“I got my own back” – Maya Angelou
We’ve often heard of the term “victim mentality” or “victim complex”. Psychologists define this term as someone who has a dysfunctional mindset characterized by an incessant need to feel persecuted in order to gain attention or avoid responsibility for oneself.
It may be annoying to be around someone who is always complaining about how their life isn’t quite going their way and how everything is falling apart. They tend to act as though they can’t do anything about it. They even go out of their way to sabotage things for themselves because they feel like they don’t deserve good things in life.
We all know someone who would rather cry and complain rather than doing something about their situation. People with victim complexes have a tendency to victimize themselves in order to gain sympathy. They wallow in self-doubt and negative self-talk rather than taking matters into hand and fixing it.

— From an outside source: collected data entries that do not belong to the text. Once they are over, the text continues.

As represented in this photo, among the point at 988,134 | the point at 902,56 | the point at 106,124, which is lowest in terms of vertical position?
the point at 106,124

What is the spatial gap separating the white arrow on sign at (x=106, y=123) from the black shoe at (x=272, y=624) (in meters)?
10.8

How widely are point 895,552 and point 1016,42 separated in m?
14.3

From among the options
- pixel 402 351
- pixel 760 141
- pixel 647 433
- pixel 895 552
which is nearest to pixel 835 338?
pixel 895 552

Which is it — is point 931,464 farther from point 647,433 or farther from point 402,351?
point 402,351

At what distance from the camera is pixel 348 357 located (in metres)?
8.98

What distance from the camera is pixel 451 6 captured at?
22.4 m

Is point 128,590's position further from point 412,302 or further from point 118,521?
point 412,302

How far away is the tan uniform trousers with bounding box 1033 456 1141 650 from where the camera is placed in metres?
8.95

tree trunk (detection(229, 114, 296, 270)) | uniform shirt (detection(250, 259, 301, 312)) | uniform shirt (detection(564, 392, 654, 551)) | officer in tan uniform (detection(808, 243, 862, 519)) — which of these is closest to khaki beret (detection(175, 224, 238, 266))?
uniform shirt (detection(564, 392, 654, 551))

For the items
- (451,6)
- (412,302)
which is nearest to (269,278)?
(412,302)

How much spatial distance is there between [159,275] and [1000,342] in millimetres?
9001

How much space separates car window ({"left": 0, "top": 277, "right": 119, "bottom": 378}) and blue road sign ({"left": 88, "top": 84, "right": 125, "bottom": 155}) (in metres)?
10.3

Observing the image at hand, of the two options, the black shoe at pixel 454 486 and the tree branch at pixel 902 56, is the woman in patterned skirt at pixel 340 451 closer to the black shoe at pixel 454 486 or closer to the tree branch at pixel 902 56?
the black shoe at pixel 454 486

The foundation of Victim complexity is built around three core beliefs. They are:
- You are destined to experience bad things
- These bad things that are happening are occurring because of a situation or a person
- There is really no point in trying to change these negative events since they are destined to happen and any efforts to prevent, change, or avoid are of no value.
This condition is a learned behavior that people can unlearn with some effort and self-determination. There are some character traits that are seen in people with a victim complex. Here are some of the signs of victim complex:
1. Giving up easily
People with a victim complex will find any reason why it’s not going to work out and make excuses before starting the project. They tend to give up easily without taking action. Giving up is easier than trying to think of solutions to a problem at hand. There’s no fun putting effort into something you are confident won’t work out
This is a fairly important sign of victim complex. They don’t believe in themselves and so they don’t follow through with the amazing ideas that come to their mind. They tend to put it off, make excuses, find an escape or a way around it, rather than live life. Self-doubt also becomes inevitable by thinking things like “I’m not smart enough for that job”, “they won’t like me the way I am” or “I am not that talented to succeed.”
3. Letting others take control of their life
They let others dictate how to live their life because they feel that others know more than their own lives. Taking life decisions based on someone else’s opinion is letting others control their life. This way they do not take responsibility when things go wrong and blame others for the mess.
4. Negative self-talk and Self-sabotaging life decisions
They are an extreme internal critic. That is why they tend to make self-sabotaging life decisions. This makes them continue to be in a state of “not being good enough”. They continue to engage in negative self-talk such as “everything bad happens to me”, “I can’t really do anything about it, so why bother?”, or “no one cares about me”. Negative self-talk can damage a person’s ability to be resilient that makes it harder to bounce back from life challenges and heal.
5. Trying to please everyone at the cost of yourself
They run around trying to please everyone even when the cost is themselves. They want to hit a crisis so that they can be rescued. This then becomes everyone else’s fault because they were busy paying attention to others instead of themselves. They place blame on others for not meeting their demands. This is one of the most important signs of victim complex.
6. Being bitter and resentful for not living life
Due to their constant fear of being alone, they end up trying to please everyone else but them. Their primary focus is on pleasing other people instead of themselves. When everything falls apart, they end up feeling bitter and resentful and not in control of their lives. The ultimate sign of victim complex is relying on others to keep them happy instead of fulfilling their own unique selves.